By Albert Mondor, horticulturist and biologist
Most people don't know what poison ivy looks like. If you think you may be confronted to a poison ivy problem, read the following tips before doing anything. They should make your fight a lot easier.
Poison ivy is a little rascal as it changes appearances, making its identification difficult. It is most often seen as a small bush but it can also adopt a creeping or climbing habit. Its green and glossy leaves are composed of three oval leaflets with a pointed end and slightly cut margins. In fact, its foliage closely resembles that of the Manitoba maple.
Poison ivy grows throughout North America. It can grow on sand dunes near the sea or in sandy soils on the edge of a forest. In our gardens, it sometimes grows at the base of cedar hedges. In this particular case, it is simply brought along with the cedars when they’re dug out from the fields where they grow.
How to get rid of poison ivy?
The best way to get rid of poison ivy is to pull it out. When you extract it from the ground, you can see this toxic plant has long rhizomes sometimes more than one meter in length. If you choose to remove poison ivy, put on a waterproof suit and thick, long rubber gloves. Throw the suit and gloves in the garbage when you're finished.
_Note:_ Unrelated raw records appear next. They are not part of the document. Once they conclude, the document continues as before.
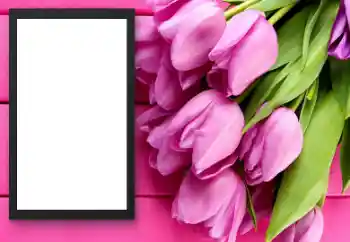 범주에서의 사진 효과 여성 프레임 № 206179 범주에서의 사진 효과 여성 프레임 № 206179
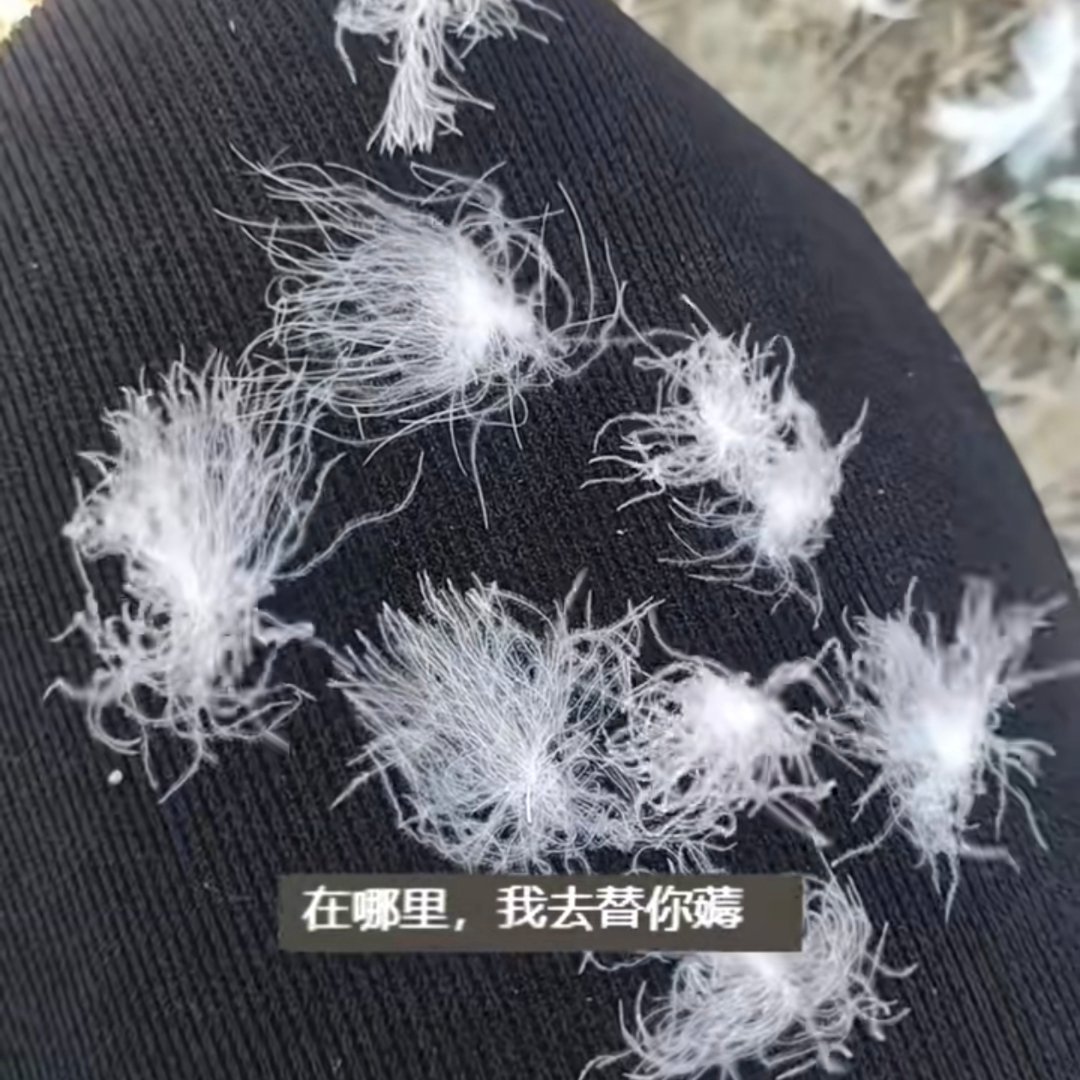 没想到大鹅这么抢手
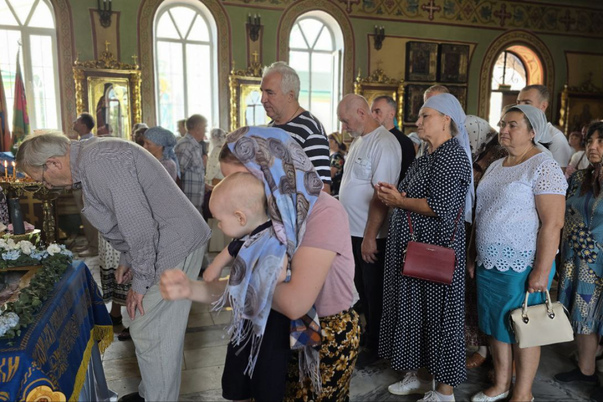 Галерея лучших фото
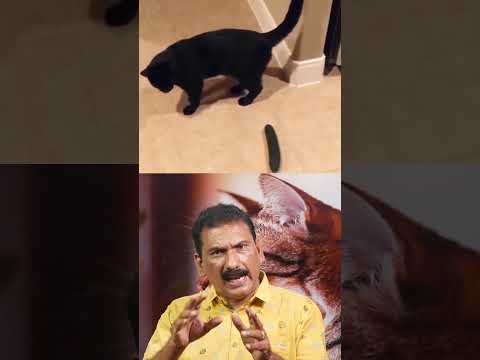 Why are cats afraid of cucumber | B S chandra mohan |mlife daily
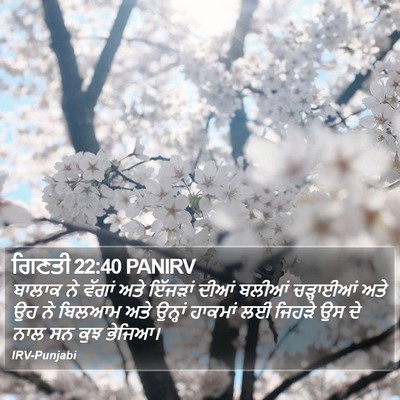 ਗਿਣਤੀ 22:40 PANIRV Bible Verse Image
Poison ivy contains an oily substance called urushiol, which causes redness, swelling and blisters when the skin comes in contact with it. These symptoms usually appear 24 to 48 hours after contact and may persist for one to two weeks. Sometimes the symptoms appear several days – up to two weeks – after being in contact with poison ivy. Skin inflammation is due to the immune response of the human body to urushiol.
It is not possible to transmit dermatitis caused by poison ivy from one person to another by simply touching the wounds, except if the contact occurs a few minutes after being exposed to poison ivy, since the urushiol is still on the surface of the skin. A large number of animals and birds are completely insensitive to this plant because their immune system is different from ours. However, be careful because several cases of people getting infected by the fur of their pets have been reported. On the other hand, if your clothes or tools have touched the plant, it is best to throw them in the trash because the urushiol can last for a very long time on fabric and wood.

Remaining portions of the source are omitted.